Не так давно я ездил в Минск (опять же!), где была попытка наладить диалог между русской и украинской гуманитарной интеллигенцией. Такая попытка встречи, чтобы нащупать позиции. Деятели культуры, ученые, социологи, гуманитарии, политики… Белоруссия тоже выступала как равноправная сторона, со своими докладами, видениями будущего. Все очень культурно, безо всякого ора. Но меня поразило и опечалили слова одной украинской представительницы (кажется, она из театрального мира). Я говорил там, что происходящее между Россией и Украиной — это трагедия. Но трагедии, вот

такие страшные конфликты, они, как правило, бывают между очень близкими людьми — между соседями, братьями, родственниками.
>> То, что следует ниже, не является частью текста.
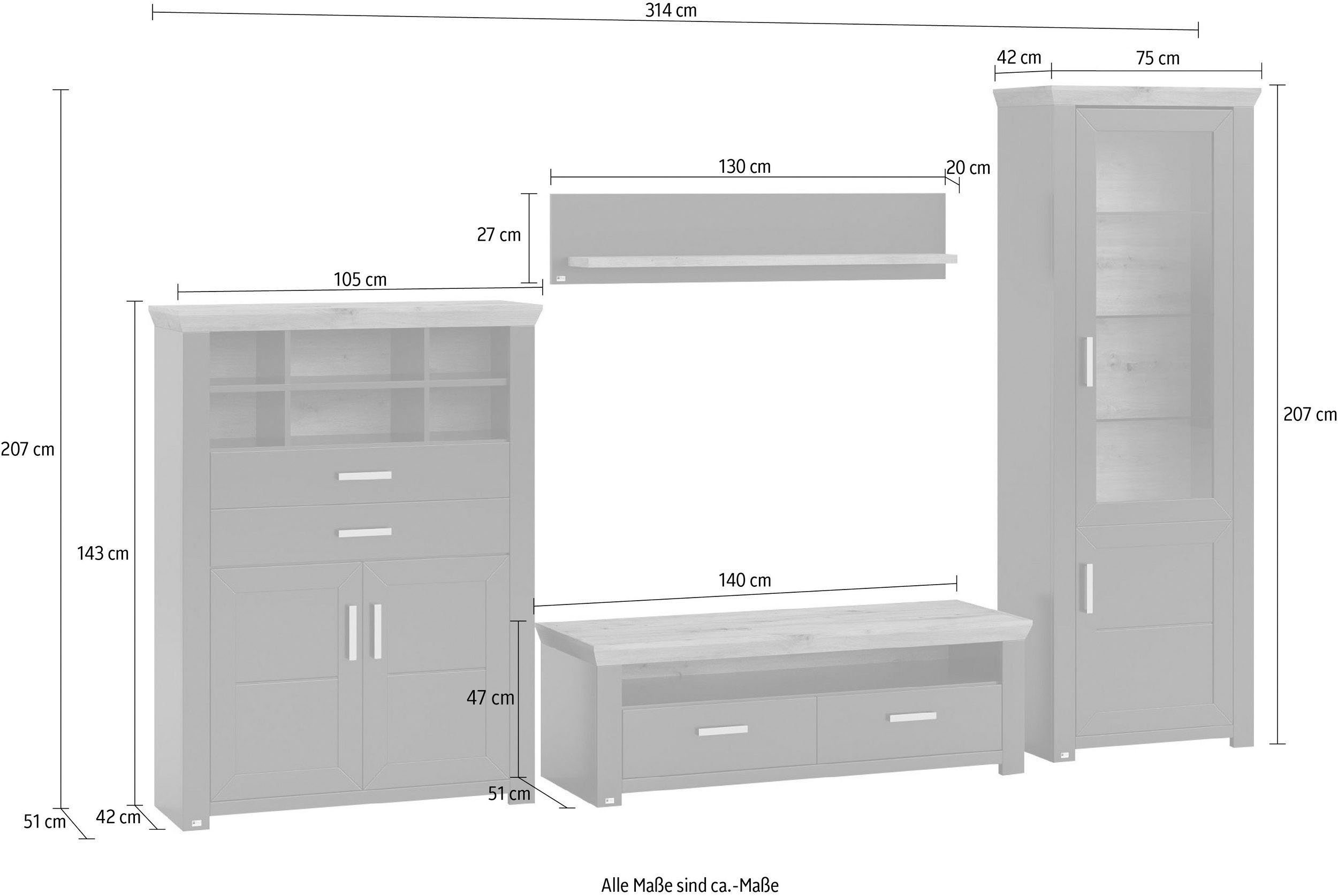 set one by Musterring Wandmeubel York Combinatie 23, in 3 kleurvarianten, totale breedte 314 cm (4-delig)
Люди более далекие даже не могут быть в них вовлечены. И представительница Украины сказала такую вещь, отвечая мне: «Пожалуйста, не называйте нас братским народом. Поймите, что мы другие, и всё».
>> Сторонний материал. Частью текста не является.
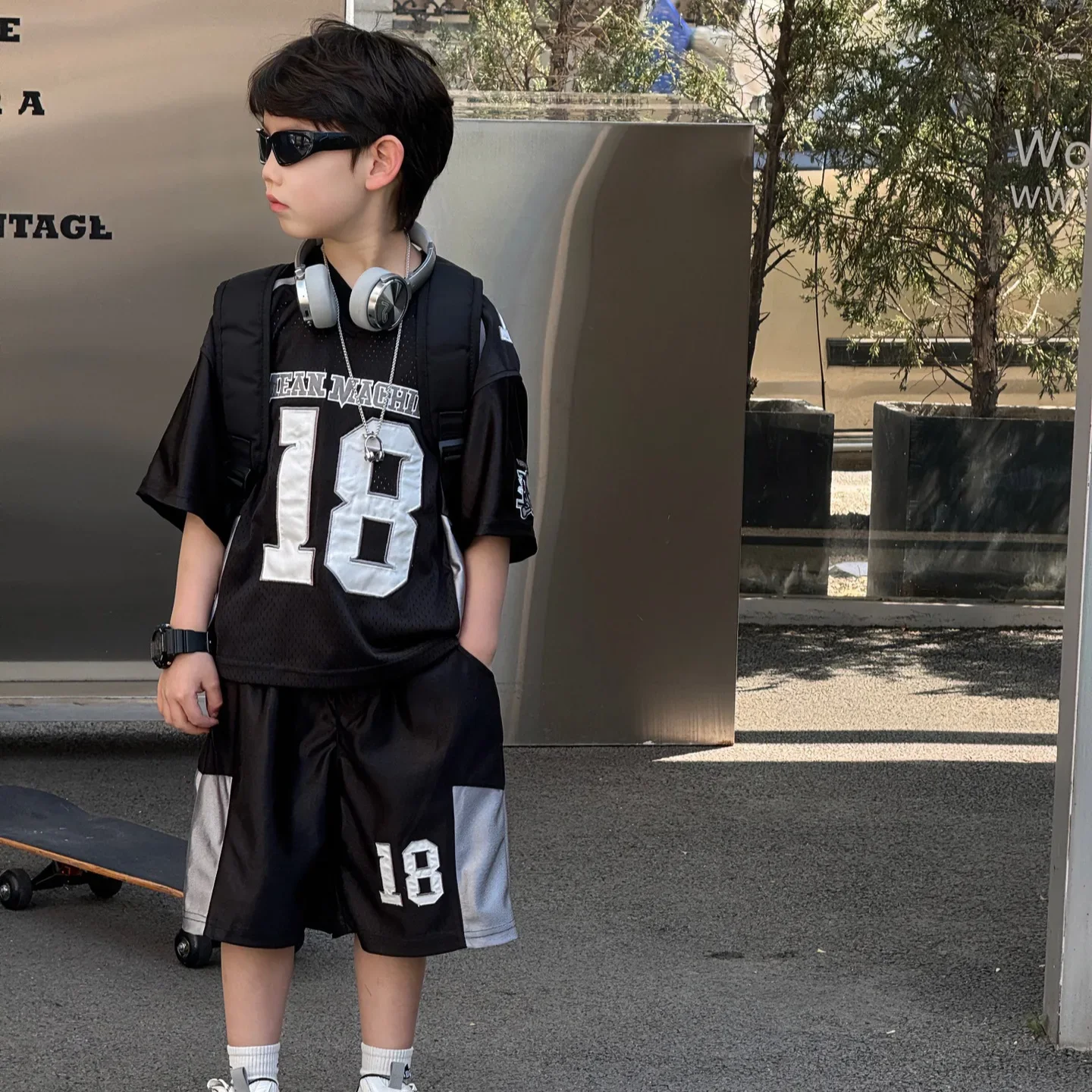 مجموعة ملابس الأطفال تي شيرت وسيم للأطفال 2025 صيف جديد على الطراز الكوري للأولاد طقم شورت رياضي أمريكي يسمح بمرور الهواء #2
Я слежу за происходящим по украинским СМИ. Украинское телевидение смотрю. Украинские сайты читаю, газеты. Они хуже, чем наши! У них степень нетерпимости, степень ненависти, озлобления просто зашкаливающие. Это никакая не Европа, никакие они не другие! Я не люблю слово «совок», но в них этой вот советскости еще больше, чем у нас. И они, тем не менее,

забивают себе голову иллюзией, будто по границе между Россией и Украиной проходит граница между цивилизацией с одной стороны — и дикости с другой. Они так хотят. А это не так.

Возможно, это славянская черта — упереться в какую-то иллюзию и давить ее до конца, пока она тебя не сожрет. Думаю, страшные вещи с нами происходят в состоянии какого-то духовного, душевного умопомрачения. И иногда народы впадают в эту прелесть (морока, обман, соблазн, совращение от злого духа, см. «Словарь живого великорусского языка В. Даля» — Rus.lsm.lv).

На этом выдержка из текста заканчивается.